For the project, the team will develop and test a two-hour introductory model as well as three five-hour modules and a 60-hour professional development course for mathematics, English language arts (ELA) and history teachers. This work will enable participating educators to develop the competencies required to implement the AI modules in their classrooms. 

The professional development experience, which Byrd will lead the development of, will be structured in a way that enables participating teachers to work together to explore AI applications and impact, as well as enhance their ability to engage students in the discussion of real-world AI topics. Teachers will also be given a collection of short, self-contained student learning activities to pilot in their classrooms and have the opportunity to participate in structured events where they can share experiences and best practices. 

“AI is a tool.
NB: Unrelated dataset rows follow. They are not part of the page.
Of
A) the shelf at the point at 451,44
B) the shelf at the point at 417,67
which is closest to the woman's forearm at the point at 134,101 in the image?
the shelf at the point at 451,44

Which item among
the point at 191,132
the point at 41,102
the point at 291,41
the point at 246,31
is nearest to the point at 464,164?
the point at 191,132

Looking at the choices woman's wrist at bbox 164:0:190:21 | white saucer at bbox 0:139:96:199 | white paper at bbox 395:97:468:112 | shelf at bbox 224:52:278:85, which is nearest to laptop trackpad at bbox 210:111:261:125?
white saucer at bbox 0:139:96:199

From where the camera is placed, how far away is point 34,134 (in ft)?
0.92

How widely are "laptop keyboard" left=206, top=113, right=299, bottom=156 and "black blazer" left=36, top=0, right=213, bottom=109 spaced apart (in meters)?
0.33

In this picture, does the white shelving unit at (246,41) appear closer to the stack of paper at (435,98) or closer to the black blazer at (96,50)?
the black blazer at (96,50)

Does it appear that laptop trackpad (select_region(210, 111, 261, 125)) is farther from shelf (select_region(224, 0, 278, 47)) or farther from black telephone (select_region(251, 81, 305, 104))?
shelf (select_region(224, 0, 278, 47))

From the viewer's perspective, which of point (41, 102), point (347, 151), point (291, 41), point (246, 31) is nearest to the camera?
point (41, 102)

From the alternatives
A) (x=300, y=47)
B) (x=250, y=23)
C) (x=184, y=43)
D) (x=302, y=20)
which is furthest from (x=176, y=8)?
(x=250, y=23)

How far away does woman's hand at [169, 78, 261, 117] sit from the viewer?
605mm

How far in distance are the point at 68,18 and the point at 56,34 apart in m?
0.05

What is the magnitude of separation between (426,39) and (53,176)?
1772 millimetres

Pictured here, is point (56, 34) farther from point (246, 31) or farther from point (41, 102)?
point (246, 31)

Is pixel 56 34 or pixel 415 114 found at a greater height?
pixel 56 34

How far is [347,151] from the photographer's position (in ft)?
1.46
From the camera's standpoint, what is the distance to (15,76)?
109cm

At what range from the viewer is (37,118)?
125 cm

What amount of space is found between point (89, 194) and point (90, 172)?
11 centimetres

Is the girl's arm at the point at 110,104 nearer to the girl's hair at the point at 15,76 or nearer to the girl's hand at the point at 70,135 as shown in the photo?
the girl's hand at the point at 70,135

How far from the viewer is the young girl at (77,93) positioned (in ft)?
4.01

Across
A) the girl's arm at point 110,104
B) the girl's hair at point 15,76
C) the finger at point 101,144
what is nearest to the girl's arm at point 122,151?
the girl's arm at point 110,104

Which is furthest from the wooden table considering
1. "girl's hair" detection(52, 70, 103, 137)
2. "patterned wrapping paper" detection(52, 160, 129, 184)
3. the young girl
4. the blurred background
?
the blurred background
Many people find it scary — and its application can be scary — but it also offers a great deal of potential in classrooms,” Nocera said. “It is not just about students learning to use AI technology, but classes in English, math and social studies integrating AI as a way to dig deeper into their subject matter. Helping teachers navigate this brave new landscape of AI technology strikes us as one of the most important challenges of our time.”
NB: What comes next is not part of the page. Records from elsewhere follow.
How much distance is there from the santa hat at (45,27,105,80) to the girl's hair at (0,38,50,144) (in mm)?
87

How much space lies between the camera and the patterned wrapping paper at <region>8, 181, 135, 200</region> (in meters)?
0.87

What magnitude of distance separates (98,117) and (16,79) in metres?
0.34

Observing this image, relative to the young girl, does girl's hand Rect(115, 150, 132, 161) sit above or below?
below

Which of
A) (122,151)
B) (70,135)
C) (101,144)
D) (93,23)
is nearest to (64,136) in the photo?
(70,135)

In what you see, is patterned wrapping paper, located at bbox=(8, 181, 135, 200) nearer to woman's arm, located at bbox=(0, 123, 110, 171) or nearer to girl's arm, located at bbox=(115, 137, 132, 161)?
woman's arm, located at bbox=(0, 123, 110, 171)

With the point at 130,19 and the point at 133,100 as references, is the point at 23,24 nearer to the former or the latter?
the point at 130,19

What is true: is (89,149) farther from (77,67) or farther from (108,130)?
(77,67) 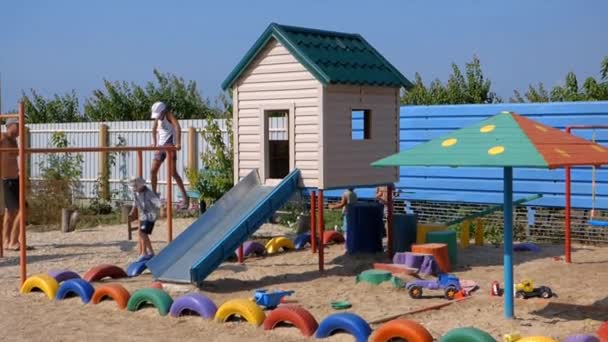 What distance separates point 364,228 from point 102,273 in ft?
11.7

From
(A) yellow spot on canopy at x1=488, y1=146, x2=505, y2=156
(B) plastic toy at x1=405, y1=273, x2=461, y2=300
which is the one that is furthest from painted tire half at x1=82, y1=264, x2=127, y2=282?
(A) yellow spot on canopy at x1=488, y1=146, x2=505, y2=156

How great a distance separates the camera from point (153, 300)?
321 inches

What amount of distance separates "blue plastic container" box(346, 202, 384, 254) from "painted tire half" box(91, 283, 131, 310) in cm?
393

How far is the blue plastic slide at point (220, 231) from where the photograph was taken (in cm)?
935

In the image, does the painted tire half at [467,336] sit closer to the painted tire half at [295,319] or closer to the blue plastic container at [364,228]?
the painted tire half at [295,319]

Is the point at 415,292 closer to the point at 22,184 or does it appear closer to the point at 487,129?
the point at 487,129

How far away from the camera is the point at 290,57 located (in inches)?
424

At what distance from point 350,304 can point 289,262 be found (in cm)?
316

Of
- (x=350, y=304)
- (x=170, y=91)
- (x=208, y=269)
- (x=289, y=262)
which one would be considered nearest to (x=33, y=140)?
(x=170, y=91)

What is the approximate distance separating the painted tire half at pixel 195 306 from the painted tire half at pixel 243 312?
0.41 ft

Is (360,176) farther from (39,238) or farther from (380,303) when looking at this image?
(39,238)

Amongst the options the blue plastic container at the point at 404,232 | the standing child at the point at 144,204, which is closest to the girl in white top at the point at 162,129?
the standing child at the point at 144,204

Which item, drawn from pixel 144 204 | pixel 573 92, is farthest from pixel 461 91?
pixel 144 204

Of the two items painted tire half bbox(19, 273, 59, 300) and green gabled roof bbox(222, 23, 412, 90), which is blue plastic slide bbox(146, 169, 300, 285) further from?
green gabled roof bbox(222, 23, 412, 90)
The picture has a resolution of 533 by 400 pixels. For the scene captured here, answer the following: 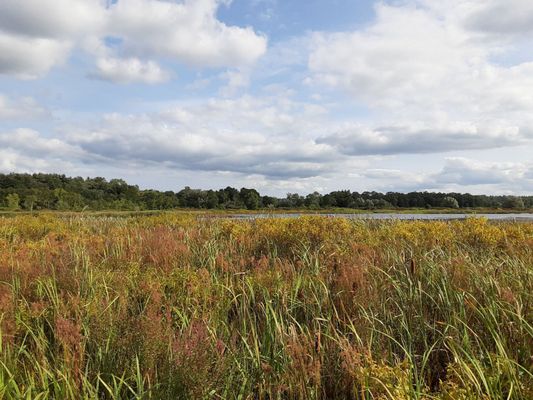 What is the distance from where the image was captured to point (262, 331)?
3.84 metres

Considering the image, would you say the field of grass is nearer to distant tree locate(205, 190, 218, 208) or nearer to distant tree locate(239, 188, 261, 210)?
distant tree locate(239, 188, 261, 210)

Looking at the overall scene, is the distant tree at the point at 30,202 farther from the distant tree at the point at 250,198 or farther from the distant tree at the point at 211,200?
the distant tree at the point at 250,198

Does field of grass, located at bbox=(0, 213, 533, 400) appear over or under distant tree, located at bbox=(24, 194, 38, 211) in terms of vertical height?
under

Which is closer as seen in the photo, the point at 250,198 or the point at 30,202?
the point at 30,202

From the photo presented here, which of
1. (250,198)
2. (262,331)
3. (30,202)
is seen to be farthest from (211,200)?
(262,331)

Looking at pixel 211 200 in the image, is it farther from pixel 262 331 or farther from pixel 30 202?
pixel 262 331

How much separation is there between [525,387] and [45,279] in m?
5.23

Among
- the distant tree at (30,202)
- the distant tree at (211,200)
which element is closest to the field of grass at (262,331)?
the distant tree at (211,200)

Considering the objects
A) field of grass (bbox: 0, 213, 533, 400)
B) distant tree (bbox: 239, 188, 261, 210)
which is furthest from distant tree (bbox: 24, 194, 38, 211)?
field of grass (bbox: 0, 213, 533, 400)

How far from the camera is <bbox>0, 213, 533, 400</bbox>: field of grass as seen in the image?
2504 millimetres

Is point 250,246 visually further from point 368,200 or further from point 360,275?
point 368,200

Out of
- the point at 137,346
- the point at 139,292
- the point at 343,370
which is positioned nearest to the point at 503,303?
the point at 343,370

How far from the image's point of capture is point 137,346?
3.02 meters

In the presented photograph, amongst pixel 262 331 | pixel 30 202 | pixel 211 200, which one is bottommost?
pixel 262 331
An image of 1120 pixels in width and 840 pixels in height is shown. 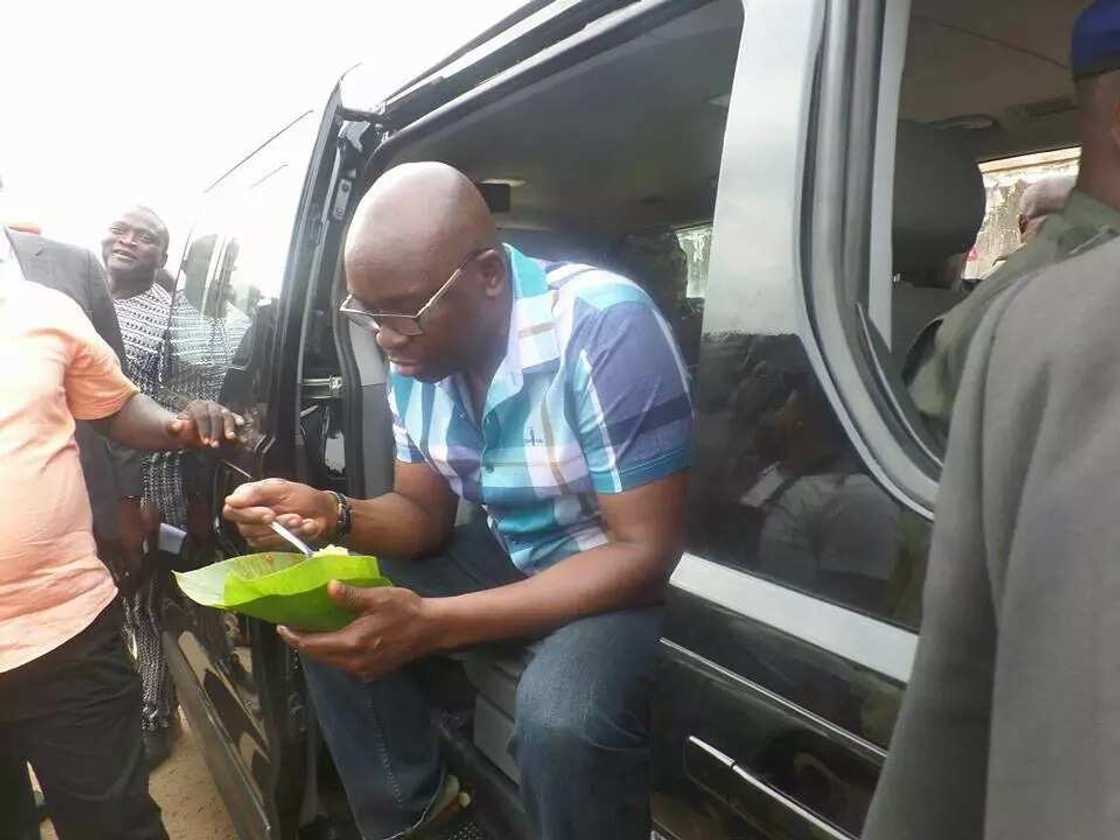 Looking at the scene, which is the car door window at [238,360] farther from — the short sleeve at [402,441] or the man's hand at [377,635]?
the man's hand at [377,635]

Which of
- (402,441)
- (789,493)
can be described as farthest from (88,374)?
(789,493)

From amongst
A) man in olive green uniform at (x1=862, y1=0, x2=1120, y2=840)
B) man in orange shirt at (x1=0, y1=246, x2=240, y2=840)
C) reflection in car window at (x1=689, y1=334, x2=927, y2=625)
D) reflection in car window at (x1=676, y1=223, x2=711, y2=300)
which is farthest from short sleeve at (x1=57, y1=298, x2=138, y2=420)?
reflection in car window at (x1=676, y1=223, x2=711, y2=300)

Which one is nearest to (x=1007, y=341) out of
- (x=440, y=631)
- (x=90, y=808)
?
(x=440, y=631)

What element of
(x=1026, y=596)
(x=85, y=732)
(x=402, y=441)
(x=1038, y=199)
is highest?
(x=1038, y=199)

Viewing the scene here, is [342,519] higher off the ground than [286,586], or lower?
lower

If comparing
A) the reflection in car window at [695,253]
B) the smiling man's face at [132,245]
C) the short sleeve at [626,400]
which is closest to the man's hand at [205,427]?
the short sleeve at [626,400]

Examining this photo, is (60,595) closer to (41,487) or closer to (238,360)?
(41,487)

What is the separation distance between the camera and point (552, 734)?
1338 mm

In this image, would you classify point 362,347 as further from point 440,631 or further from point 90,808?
point 90,808

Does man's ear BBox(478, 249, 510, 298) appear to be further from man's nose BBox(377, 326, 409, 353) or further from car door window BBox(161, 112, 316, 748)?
car door window BBox(161, 112, 316, 748)

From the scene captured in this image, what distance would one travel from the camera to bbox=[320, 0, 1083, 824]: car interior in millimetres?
1575

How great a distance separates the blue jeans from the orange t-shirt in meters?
0.53

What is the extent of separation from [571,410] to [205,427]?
3.49 feet

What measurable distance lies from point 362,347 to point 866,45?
155 centimetres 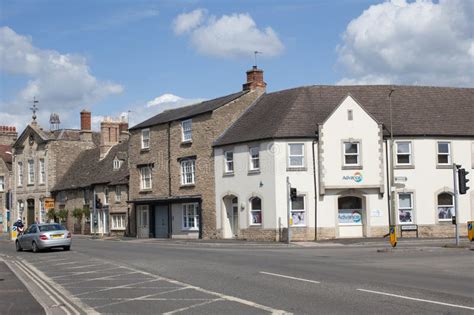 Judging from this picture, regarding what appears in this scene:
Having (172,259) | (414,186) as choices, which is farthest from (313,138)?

To help educators integrate artificial intelligence into their classrooms, Jiang and the team will further develop curriculum modules that were designed for the ELA-based StoryQ project to tailor them to different disciplines. 
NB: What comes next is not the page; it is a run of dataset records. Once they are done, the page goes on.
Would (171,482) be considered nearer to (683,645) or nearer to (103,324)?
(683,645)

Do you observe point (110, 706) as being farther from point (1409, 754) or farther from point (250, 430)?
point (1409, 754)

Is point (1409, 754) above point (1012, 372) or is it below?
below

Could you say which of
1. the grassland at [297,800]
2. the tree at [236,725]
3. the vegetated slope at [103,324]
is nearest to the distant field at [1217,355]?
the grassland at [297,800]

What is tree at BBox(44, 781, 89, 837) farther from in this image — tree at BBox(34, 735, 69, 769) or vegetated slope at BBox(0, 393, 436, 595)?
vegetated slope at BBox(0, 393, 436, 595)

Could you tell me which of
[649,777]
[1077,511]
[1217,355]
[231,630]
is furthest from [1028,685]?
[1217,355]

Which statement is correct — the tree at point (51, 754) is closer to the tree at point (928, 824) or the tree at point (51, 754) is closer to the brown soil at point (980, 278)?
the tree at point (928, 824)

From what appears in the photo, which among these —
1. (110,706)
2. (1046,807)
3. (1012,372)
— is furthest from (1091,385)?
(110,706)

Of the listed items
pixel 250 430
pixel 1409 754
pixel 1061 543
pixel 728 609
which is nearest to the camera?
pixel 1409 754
For example, in the module for history classrooms, which will be overseen by Nocera, teachers will support students as they interact with machine learning models that are trained using primary sources to understand how language constructs reflect human culture in the past. In the math-focused module, teachers will engage students in learning how to quantify and build mathematical models to understand real-world phenomena and make predictions. 

In addition to giving students an opportunity to experience AI technology outside of a computer science classroom, integrating AI into the existing curriculum also offers educators a unique opportunity to design lessons together, Jiang said. 

“Integrating AI learning opportunities into multiple courses could bring together teachers from different disciplines to design and collaborate on offering bite-sized but coherent AI learning experiences for students. Moreover, students would benefit from learning about AI from different disciplinary perspectives, resulting in a comprehensive understanding of the subject,” she said. “This is a critical first step in creating an infrastructure in schools to introduce AI topics at a larger scale.” 

The project will be piloted with 12 teachers who will impact 900 students at schools in California and Maryland that serve student populations who are typically underrepresented or underserved in the AI field, including Black and Latinx students. 

Byrd will study how the program implemented through the project is associated with student outcomes such as academic success, sociopolitical consciousness and cultural competence. 

“AI is the future, and it’s exciting that we are using it to make computer science more inclusive and to help students analyze the inequities in their societies. Instead of being afraid of these powerful tools, we need to embrace them and use them for social change,” she said. 

“The field has a significant amount of progress left to be made, particularly when it comes to supporting marginalized female students to establish a sense of belonging and self-efficacy in pursuing AI education and careers,” Jiang added. “It is crucial for us, as educators and researchers, to persistently advocate for diversity and fairness in the AI field. This goes beyond simply increasing representation and must also keep challenging the research questions we ask and the approaches we take.”